▸ INFORMATION PROVIDED:
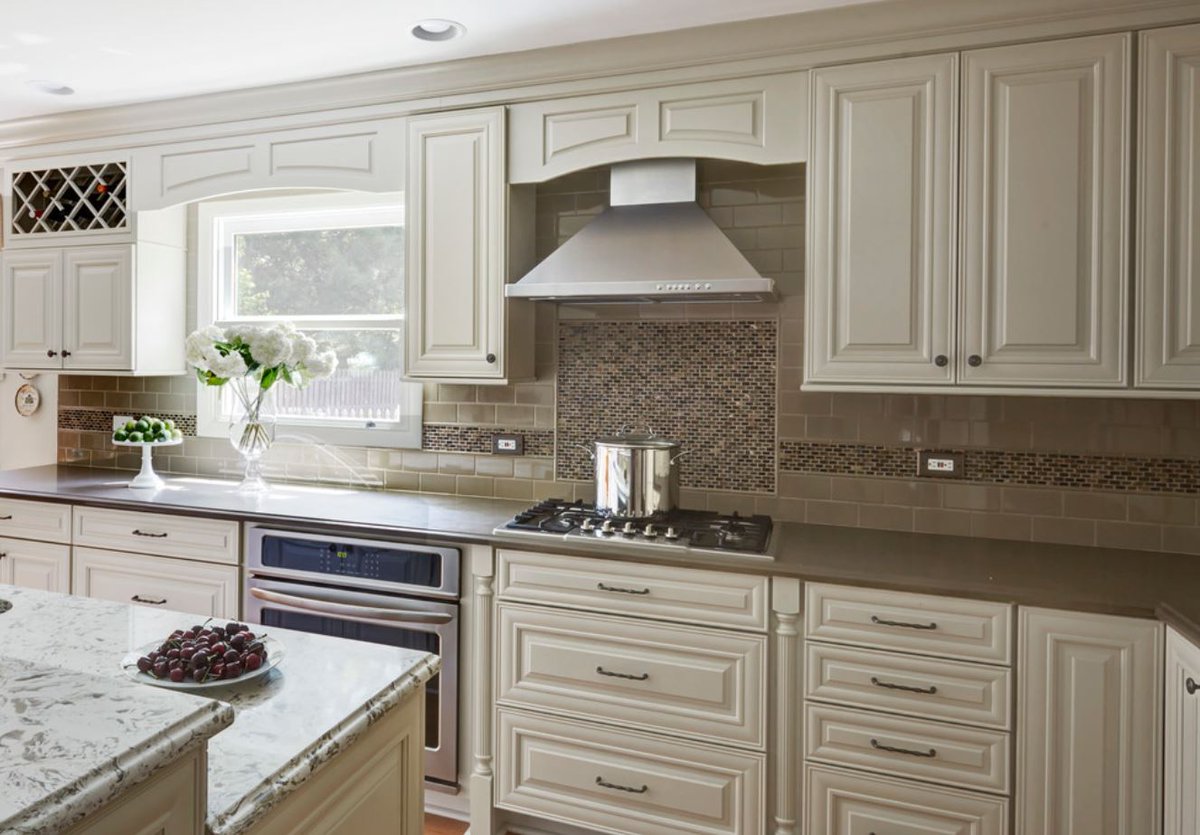 #TraditionalKitchen in #Deerfield: The kitchen's focal point is the cook top and stainless steel hood, accented by turnings, decorative valance and mosaic back splash tile.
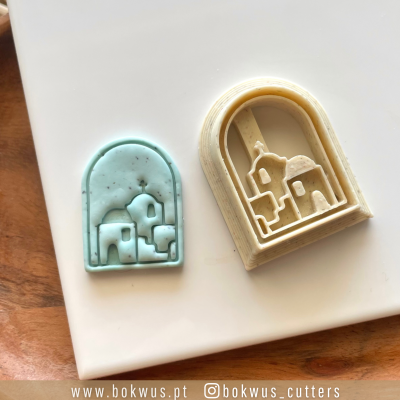 Dois cortadores de pastelaria em formato de casas, um azul turquesa e outro bege, sobre superfície branca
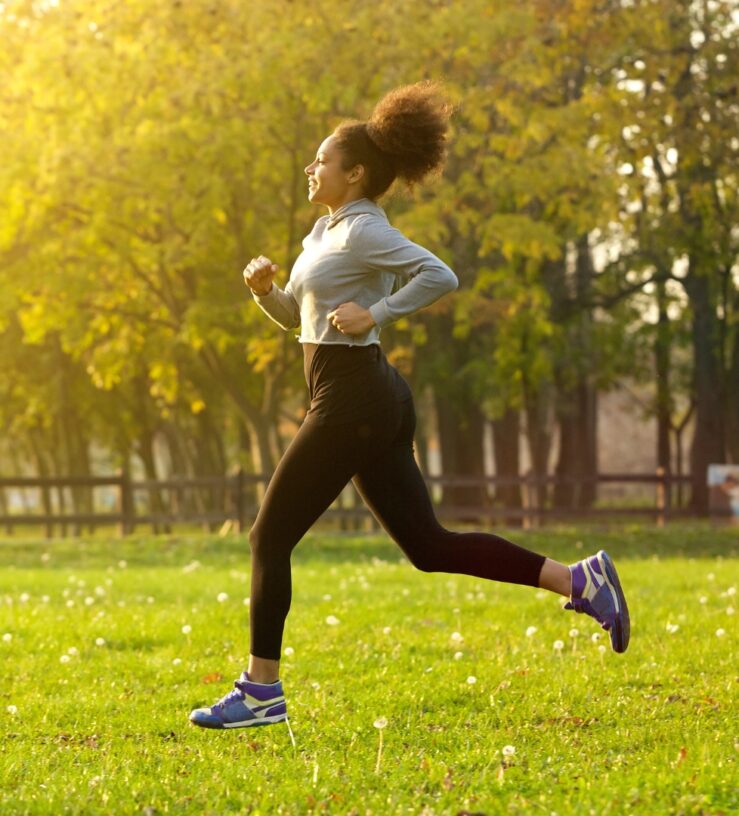 A photo of a woman running outside with trees in the background and sun shining down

▸ ACTIVITY: Please reproduce nothing but the lines from the one containing "Dois cortadores de" through the closing line of the listing, retyped word for word, pictures excluded.

▸ RESULT OF THIS EXERCISE:
 Dois cortadores de pastelaria em formato de casas, um azul turquesa e outro bege, sobre superfície branca
 A photo of a woman running outside with trees in the background and sun shining down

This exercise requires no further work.